Output each entry verbatim and exclude every picture from it.

-- Records for this exercise follows --

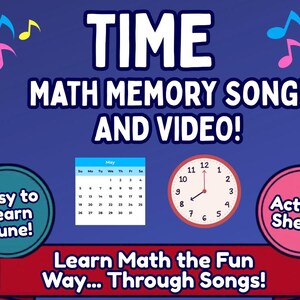 Pode incluir: Um gráfico digital com fundo azul escuro apresentando o texto TIME MATH MEMORY SONG! AND VIDEO! com notas musicais coloridas. Inclui um calendário de maio, um relógio analógico marcando oito horas e faixas com os dizeres Easy to Learn Tune!, Activity Sheets! e Learn Math the Fun Way... Through Songs!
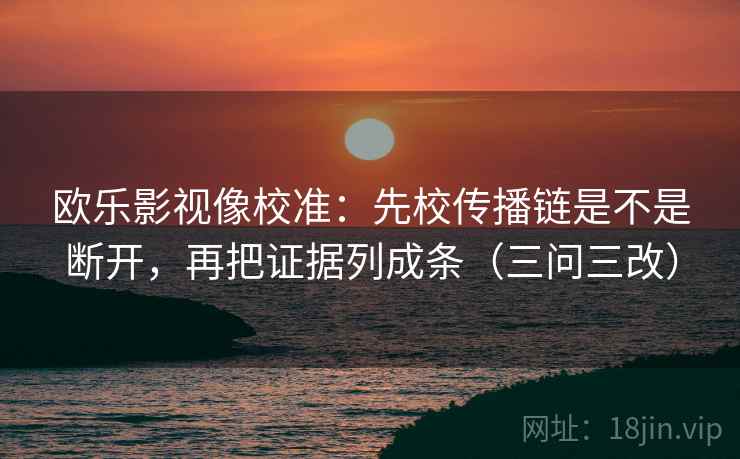 欧乐影视像校准:先校传播链是不是断开,再把证据列成条(三问三改) 欧乐影视像校准:先校传播链是不是断开,再把证据列成条(三问三改)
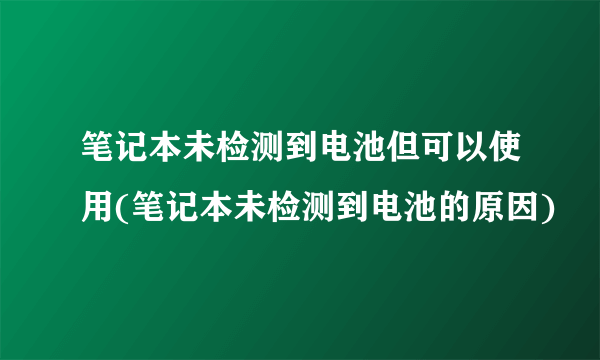 笔记本未检测到电池但可以使用(笔记本未检测到电池的原因)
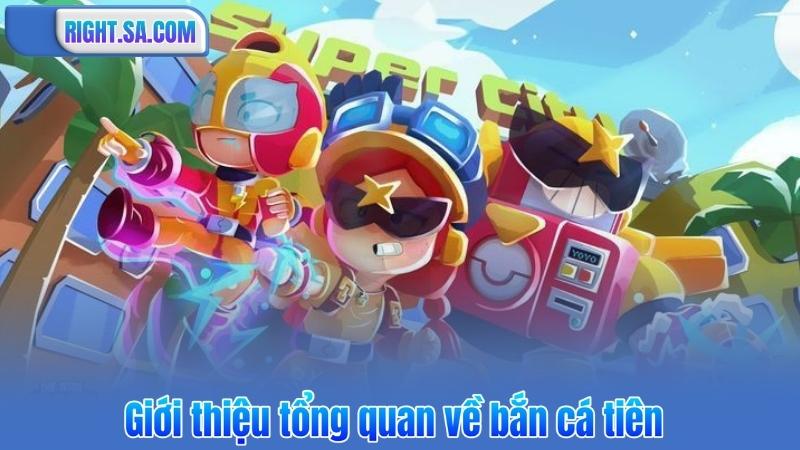 Bắn Cá Tiên – Trải Nghiệm Game Đỉnh Cao, Rinh Thưởng Khủng 5 Giới thiệu tổng quan về bắn cá tiên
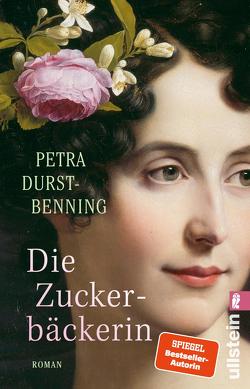 Die Zuckerbäckerin (Die Zarentöchter-Saga 1) von Durst-Benning,  Petra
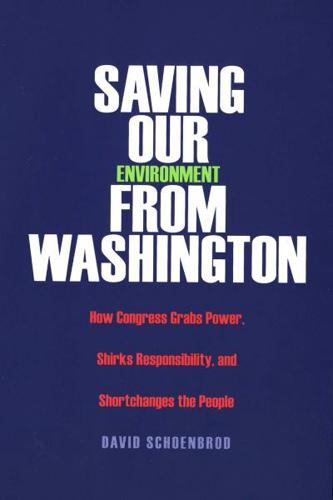 Saving Our Environment from Washington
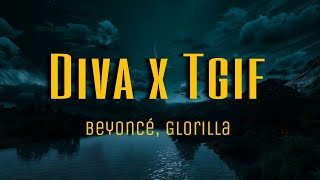 Beyoncé Glorilla  Diva x Tgif mashup lyrics [upl. by Houston]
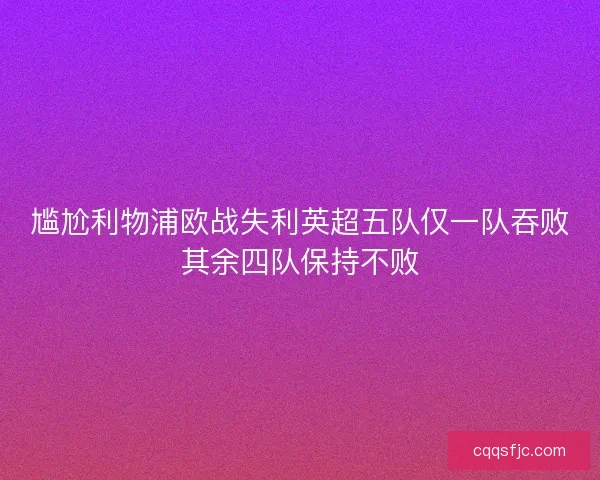 尴尬利物浦欧战失利英超五队仅一队吞败其余四队保持不败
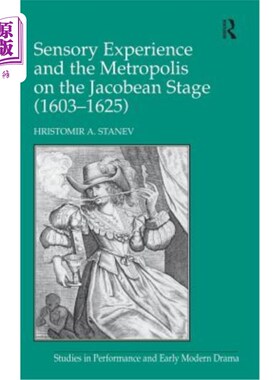 海外直订Sensory Experience and the Metropolis on the Jacobean Stage (1603-1625) 感官体验与雅可比舞台上的大都会(1603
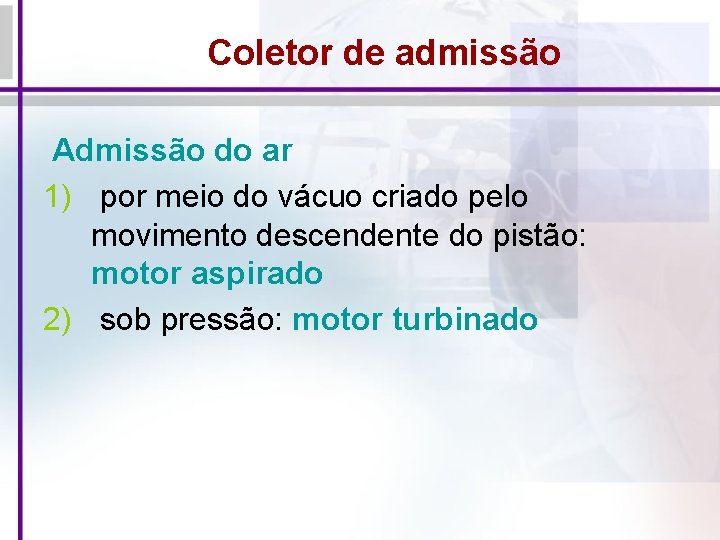 Coletor de admissão Admissão do ar 1) por meio do vácuo criado pelo movimento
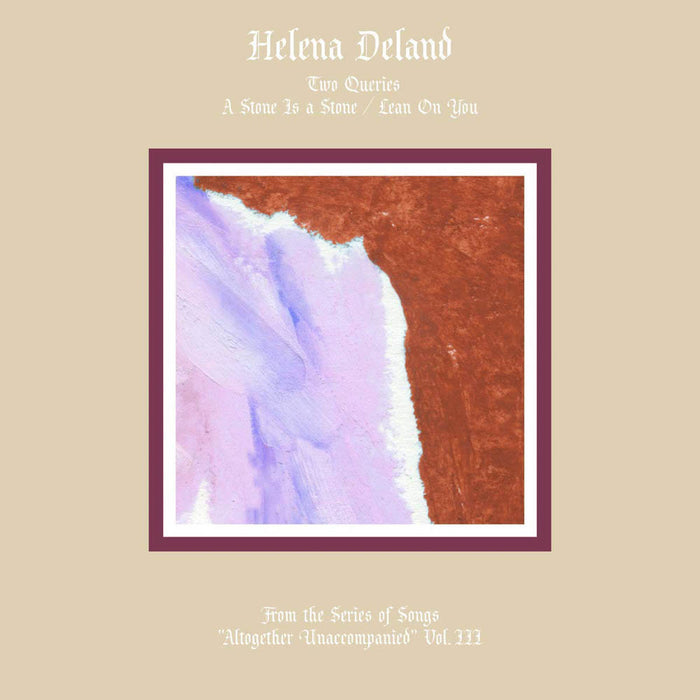 Helena Deland Altogether Accompanied III IV 12" Vinyl EP New 2018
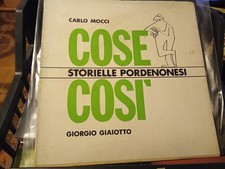 STORIELLE PORDENONESI COSE COSI  1969 MOCCI TRATTE DAL NONCELLO N.250 COPIE B/OT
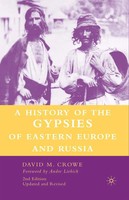 A History Of The Gypsies Of Eastern Europe And Russia D. Crowe Taschenbuch Xxiii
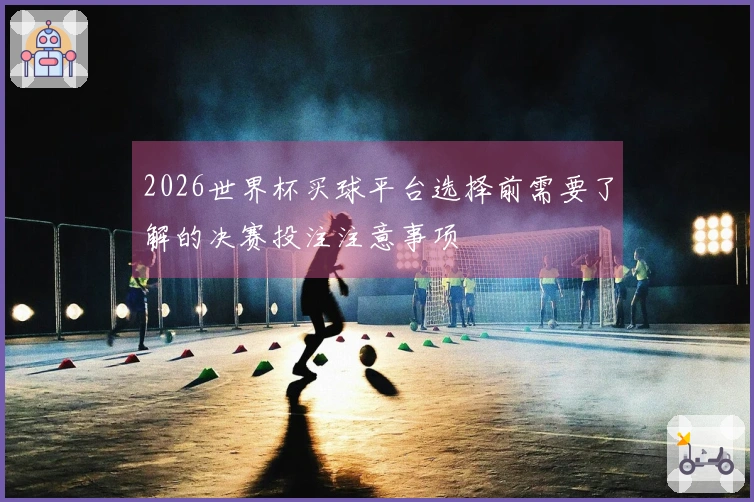 2026世界杯买球平台选择前需要了解的决赛投注注意事项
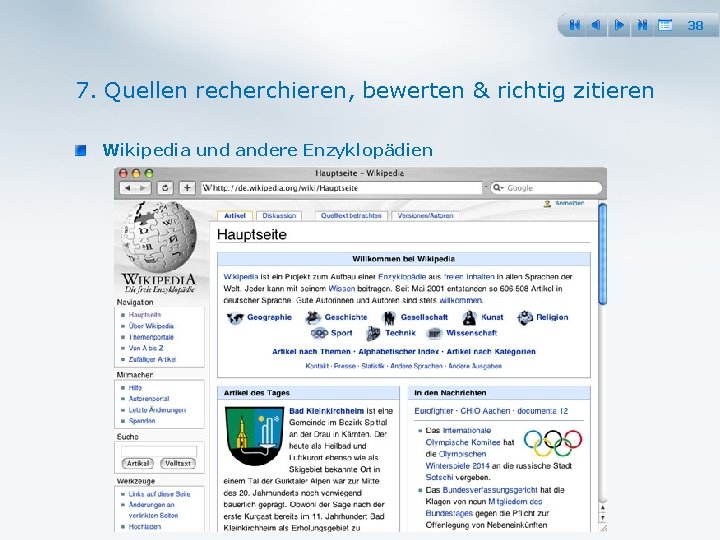 38 7. Quellen recherchieren, bewerten & richtig zitieren Wikipedia und andere Enzyklopädien 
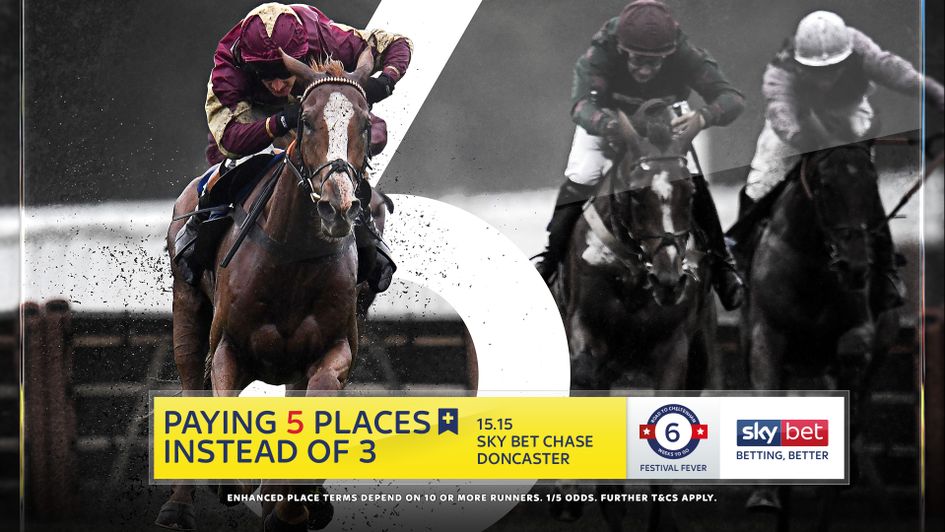 Sky Bet are paying FIVE places in the Sky Bet Chase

-- Records for this exercise concluded --

▶ **The completed task**:
 Pode incluir: Um gráfico digital com fundo azul escuro apresentando o texto TIME MATH MEMORY SONG! AND VIDEO! com notas musicais coloridas. Inclui um calendário de maio, um relógio analógico marcando oito horas e faixas com os dizeres Easy to Learn Tune!, Activity Sheets! e Learn Math the Fun Way... Through Songs!
 欧乐影视像校准:先校传播链是不是断开,再把证据列成条(三问三改) 欧乐影视像校准:先校传播链是不是断开,再把证据列成条(三问三改)
 笔记本未检测到电池但可以使用(笔记本未检测到电池的原因)
 Bắn Cá Tiên – Trải Nghiệm Game Đỉnh Cao, Rinh Thưởng Khủng 5 Giới thiệu tổng quan về bắn cá tiên
 Die Zuckerbäckerin (Die Zarentöchter-Saga 1) von Durst-Benning,  Petra
 Saving Our Environment from Washington
 Beyoncé Glorilla  Diva x Tgif mashup lyrics [upl. by Houston]
 尴尬利物浦欧战失利英超五队仅一队吞败其余四队保持不败
 海外直订Sensory Experience and the Metropolis on the Jacobean Stage (1603-1625) 感官体验与雅可比舞台上的大都会(1603
 Coletor de admissão Admissão do ar 1) por meio do vácuo criado pelo movimento
 Helena Deland Altogether Accompanied III IV 12" Vinyl EP New 2018
 STORIELLE PORDENONESI COSE COSI  1969 MOCCI TRATTE DAL NONCELLO N.250 COPIE B/OT
 A History Of The Gypsies Of Eastern Europe And Russia D. Crowe Taschenbuch Xxiii
 2026世界杯买球平台选择前需要了解的决赛投注注意事项
 38 7. Quellen recherchieren, bewerten & richtig zitieren Wikipedia und andere Enzyklopädien 
 Sky Bet are paying FIVE places in the Sky Bet Chase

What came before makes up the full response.